SANS | publié le : 25.11.2003 |

De plus en plus d'entreprises utilisent des tests de quotient émotionnel (QE) pour recruter ou évaluer leurs salariés. Malgré le sérieux et la bonne qualité métrique de certains tests, les universitaires estiment qu'il est encore trop tôt pour en faire un outil à finalité managériale.

Calculer son quotient émotionnel (QE), c'est simple comme un jeu d'enfant. Même plus besoin d'acheter un magazine spécialisé, un petit tour sur Internet et 7 euros sur le compte en banque suffisent à évaluer son intelligence émotionnelle, autrement dit, sa capacité à connaître et à gérer ses propres émotions et celles des autres.

Aux côtés de ces évaluations ludiques, apparaissent des tests de QE à usage professionnel. En France, c'est le cabinet de conseil en management Hay Group qui a initié le mouvement, en proposant, en partenariat avec Daniel Goleman, auteur de L'intelligence émotionnelle au travail, des questionnaires à 360 ° et des assessment centers.

Un concept mieux accepté

Expérimentés par le fabricant d'ascenseurs Schindler pour le développement de ses leaders ou par la filiale française d'Unilever pour le recrutement de ses hauts potentiels, ces outils faisaient, jusqu'à présent, l'objet d'une grande discrétion au sein des entreprises utilisatrices. Damien Bart, responsable marketing de Hay, note, tout de même, une évolution : « Aujourd'hui, le terme est explicitement mentionné dans les programmes de formation. Il est de plus en plus connu et semble un peu mieux accepté. »

De plus, la sortie de tests conçus par des psychologues et des universitaires contribue à rassurer les DRH sur le bien-fondé scientifique du concept.
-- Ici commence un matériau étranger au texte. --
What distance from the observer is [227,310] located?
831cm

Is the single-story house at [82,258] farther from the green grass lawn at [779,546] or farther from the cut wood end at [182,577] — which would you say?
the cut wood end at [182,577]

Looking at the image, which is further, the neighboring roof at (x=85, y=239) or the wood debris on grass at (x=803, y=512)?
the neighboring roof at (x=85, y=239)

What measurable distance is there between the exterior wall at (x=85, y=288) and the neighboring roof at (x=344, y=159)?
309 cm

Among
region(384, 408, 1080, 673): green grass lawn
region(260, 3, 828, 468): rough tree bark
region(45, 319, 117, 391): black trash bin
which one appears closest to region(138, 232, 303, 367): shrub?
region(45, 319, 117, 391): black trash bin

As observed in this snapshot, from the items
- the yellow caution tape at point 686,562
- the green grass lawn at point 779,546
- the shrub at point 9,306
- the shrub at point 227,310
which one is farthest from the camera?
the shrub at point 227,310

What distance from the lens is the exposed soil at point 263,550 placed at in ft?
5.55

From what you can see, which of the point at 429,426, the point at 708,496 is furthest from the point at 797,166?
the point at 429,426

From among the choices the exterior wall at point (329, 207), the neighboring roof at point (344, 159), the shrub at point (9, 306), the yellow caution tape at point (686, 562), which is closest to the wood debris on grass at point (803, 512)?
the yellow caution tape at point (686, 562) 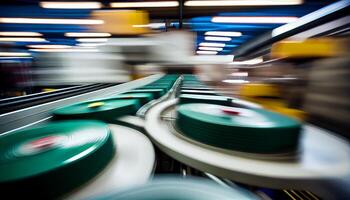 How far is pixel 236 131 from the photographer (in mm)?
817

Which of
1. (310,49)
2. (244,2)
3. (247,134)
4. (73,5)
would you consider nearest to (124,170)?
(247,134)

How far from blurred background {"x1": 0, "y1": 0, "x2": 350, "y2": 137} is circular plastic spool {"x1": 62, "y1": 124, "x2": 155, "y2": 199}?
0.33 m

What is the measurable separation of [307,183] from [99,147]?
0.76 m

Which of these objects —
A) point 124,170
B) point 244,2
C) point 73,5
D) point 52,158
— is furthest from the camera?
point 73,5

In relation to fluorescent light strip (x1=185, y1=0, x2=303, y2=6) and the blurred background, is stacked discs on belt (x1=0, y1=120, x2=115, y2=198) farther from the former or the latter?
fluorescent light strip (x1=185, y1=0, x2=303, y2=6)

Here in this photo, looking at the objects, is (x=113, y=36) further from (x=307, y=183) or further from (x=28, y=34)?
(x=28, y=34)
Validée sur un échantillon de 1 500 personnes, fruit de deux années de travail, l'adaptation française du BarOn quotient inventory (EQ-i), qui sera diffusée au début de l'année prochaine aux Editions et applications psychologiques (EAP), suscite déjà l'intérêt des entreprises.

De nombreux usages possibles

« L'outil présente de bonnes qualités métriques et permet d'appréhender des dimensions nouvelles, comme la "conscience de ses propres émotions", que l'on ne retrouve pas dans les tests de personnalité », indique Virginie Richoux, psychologue du travail aux EAP. « Le test est auto-évaluatif, comporte 133 items regroupés en cinq sphères - intrapersonnelle, interpersonnelle, gestion du stress, adaptabilité et humeur générale - et laisse présager énormément d'usages possibles. »

Le cabinet de conseil en ressources humaines Argos et le CIBC d'Angoulême l'utilisent déjà dans le cadre de bilans de compétences, et l'ESC de Saint-Etienne y voit un outil pour affiner la sélection de ses étudiants. La RATP y réfléchit dans le cadre de la gestion du stress, tandis que LVMH et Chantelle l'envisagent comme un outil de gestion de carrière de leurs collaborateurs.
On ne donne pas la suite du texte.